When Bettina Scemama’s great aunt would visit her from Germany, she would bake apfelkuchen — a traditional apple cake with warm spices and a dense, buttery dough. Now, Scemama makes the same delicacy in her own bakery.
Inspired by her German heritage and love of pastries, Scemama launched Bettina’s Bakery, a new cafe in Newton Upper Falls that opened Oct. 5.
From schnitzel to streuselkuchen to German ham and cheese, Scemama said she is incorporating the flavors and memories of her youth into her kitchen.
“I’ve always wanted to have my own bakery, that’s been a long-term dream,” Scemama said. “Baking is this avenue of sharing something cultural and comforting, and I think there’s always going to be room for it.”
Scemama graduated from college with a psychology degree but said she soon realized her passion was baking.
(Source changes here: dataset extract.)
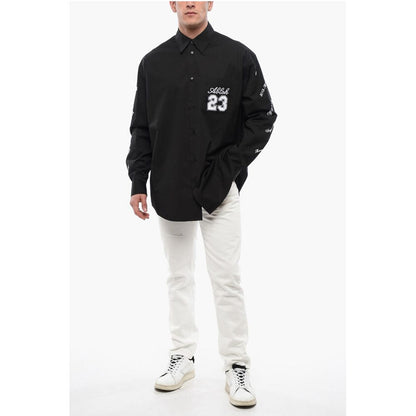 Off-White Embroidered 23 Cotton Shirt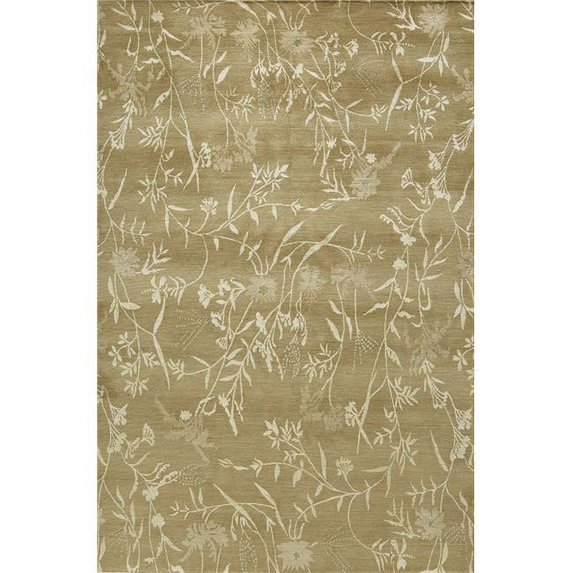 Due Process Stable Trading Empress Spring Straw & Mocha Area Rug, 4 x 6 ft.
Since then, she has worked as a pastry chef for several decades, most recently at Haley House, a Boston-based bakery with an emphasis on community activism and empowerment. It was there she met Naun Rivera, who became her business partner at Bettina’s Bakery.
The pair began looking for rental spaces in January and settled on 295 Elliot St., which was once the home of Bob’s Sub Stop, a hot and cold sandwich restaurant. They broke down the walls to reveal exposed brick, and Bettina’s Bakery opened its doors by early October.
Deciding to start her own business was “a now or not moment,” Scemama said.
“If I waited too long, I don’t know if I’d still have the energy and the drive to do it,” Scemama said. Like many people since the pandemic struck, she asked herself, “Okay, what do I really want to do with the rest of my life?”
Scemama said she and Rivera decided to set up shop in Upper Falls because of its suburban environment — she saw a need for breakfast and lunch restaurants in the area, especially as people continue to work from home through the pandemic.
Besides Bettina’s Bakery, more cafes are popping up across Newton — a Tatte Bakery and Cafe location opened in Newton Centre Oct. 27 and Flourhouse Bakery will open a retail space in Nonantum in the coming months.
Rivera, who manages production and the kitchen, supplies the second half of the Bettina’s Bakery menu: Latino pastries. Rivera, who immigrated from Honduras about 25 years ago, said his love of cakes encouraged him to become a pastry chef.
In joining forces with Scemama to create their own bakery, Rivera said they combined their “roots” from Germany and Honduras to create a personal menu reflecting the food they ate growing up.
One Honduran delicacy they serve at Bettina’s is concha, a brioche bread topped with cinnamon sugar and commonly served with a hot drink for breakfast or as a snack. While making the bread is “two-day’s work,” Rivera said it’s his favorite pastry to make — he’s doing what he loves, he said, so the somewhat complicated baking process never feels like a chore.
“You have to enjoy what you do,” Rivera said. “One day, I [baked] for the first time, and I said, ‘This is it, this is what I want to do, that’s what I want to be.’”
Besides concha, the bakery’s signature pastry, the menu features other Honduran cuisine, including a warm corn drink called atol de elote, refried beans and eggs over a soft flour tortilla known as baleada, Honduran chicken tacos, and a Honduran breakfast plate with sweet plantains, tortillas, eggs, queso duro, refried beans, and avocado.
Bettina’s Bakery is slowly building its customer base, Scemama said, and holiday treats such as Thanksgiving pies will soon be available.
Upper Falls is home to many families with children, Scemama said, so she decided to make the bakery completely nut-free from day one. Now, Scemama keeps Bettina’s open in the afternoon so kids getting off the school bus can pick up a pastry on their way home.
Doran Robinson, who lives around the corner from Bettina’s Bakery, said it is already “a regular stop” for him and his two children before and after school.
“I was a little nervous that it was just going to be baked goods and not sandwiches, because I felt like that wouldn’t necessarily be the best for my health,” Robinson said with a laugh. “But when I saw that there were some breakfast items and lunch items, I felt like it was a great addition to the neighborhood.”
Scemama said her family’s traditions and the community’s response keeps her in the kitchen.
“Baking just makes people happy,” Scemama said. “I think in many ways, it’s a tradition that we’re fighting to keep alive, to make stuff from scratch.”